On October 9, 1916, appellant, a justice of the peace in King county, Washington, issued a search warrant under which certain liquor then kept at 651 and 652, King street, in Seattle, was seized as contraband. On the 18th day of October, 1917, the relator filed a motion to quash the warrant and the return thereon. This motion was denied, whereupon relator moved for a change of venue. This being denied, he filed a demand for a jury trial. This being likewise denied, relator filed a petition in the superior court setting up the record in the justice court, praying that a writ of review issue, and asking that all proceedings in the justice court be annulled and set aside. The petition for the writ coming on for hearing, the trial judge ordered the files in the search warrant proceedings to be returned to the justice, *223with directions to enter an order directing a change of venue. The justice has appealed.
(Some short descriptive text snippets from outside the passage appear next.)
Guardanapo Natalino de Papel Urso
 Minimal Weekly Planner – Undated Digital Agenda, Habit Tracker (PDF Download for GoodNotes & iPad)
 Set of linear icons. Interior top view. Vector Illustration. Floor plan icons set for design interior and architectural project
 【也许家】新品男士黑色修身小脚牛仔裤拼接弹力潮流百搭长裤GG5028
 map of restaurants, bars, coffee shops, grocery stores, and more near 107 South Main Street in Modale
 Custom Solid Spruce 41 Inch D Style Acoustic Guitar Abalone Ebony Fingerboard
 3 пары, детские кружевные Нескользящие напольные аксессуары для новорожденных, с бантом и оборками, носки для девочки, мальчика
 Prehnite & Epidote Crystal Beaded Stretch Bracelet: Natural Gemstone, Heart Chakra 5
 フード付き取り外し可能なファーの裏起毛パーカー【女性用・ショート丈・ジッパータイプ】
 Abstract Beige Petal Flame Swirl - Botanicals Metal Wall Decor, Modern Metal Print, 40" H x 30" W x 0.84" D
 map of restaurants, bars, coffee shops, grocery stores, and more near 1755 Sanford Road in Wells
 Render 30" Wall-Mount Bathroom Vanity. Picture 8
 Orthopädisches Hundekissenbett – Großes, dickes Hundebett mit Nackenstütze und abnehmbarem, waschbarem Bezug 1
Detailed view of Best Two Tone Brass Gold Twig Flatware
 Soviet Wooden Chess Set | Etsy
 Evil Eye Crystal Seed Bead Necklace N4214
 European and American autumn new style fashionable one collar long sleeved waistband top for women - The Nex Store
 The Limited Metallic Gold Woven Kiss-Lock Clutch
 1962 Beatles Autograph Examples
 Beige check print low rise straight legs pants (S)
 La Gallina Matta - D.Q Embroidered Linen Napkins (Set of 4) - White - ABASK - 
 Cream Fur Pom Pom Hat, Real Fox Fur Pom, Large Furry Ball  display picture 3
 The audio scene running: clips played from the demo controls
We think the only question calling for decision is whether a writ of review, or, as it is more frequently called, a writ of certiorari, is a proper remedy for the wrong suffered by the relator. One of the cases relied upon by the relator is State ex rel. Griffith v. Superior Court, 96 Wash. 41, 164 Pac. 516. In the case of State ex rel. Martin v. Superior Court, 97 Wash. 358, 166 Pac. 630, the propriety of invoking the jurisdiction of the appellate court in cases of this kind by petition for writ of certiorari was questioned. That the matter might be finally decided by the whole court, the case of State ex rel. Griffith v. Superior Court, supra, was set down for a rehearing En Banc. After a rehearing, a majority of the judges were of the opinion that the writ of certiorari may be applied for in such cases. Post p. 693, 169 Pac. 317.

The writer of this opinion believes that this holding is contrary to some of our former holdings, and tends to give to the writ of certiorari an office not contemplated by the act defining it, and that the Griffith case was wrongly decided and should have been overruled on rehearing. A majority of the judges hold a different opinion and, upon the authority of that case, the judgment of the lower court is affirmed.

Ellis, C. J., Mount, Morris, and Holcomb, JJ., concur.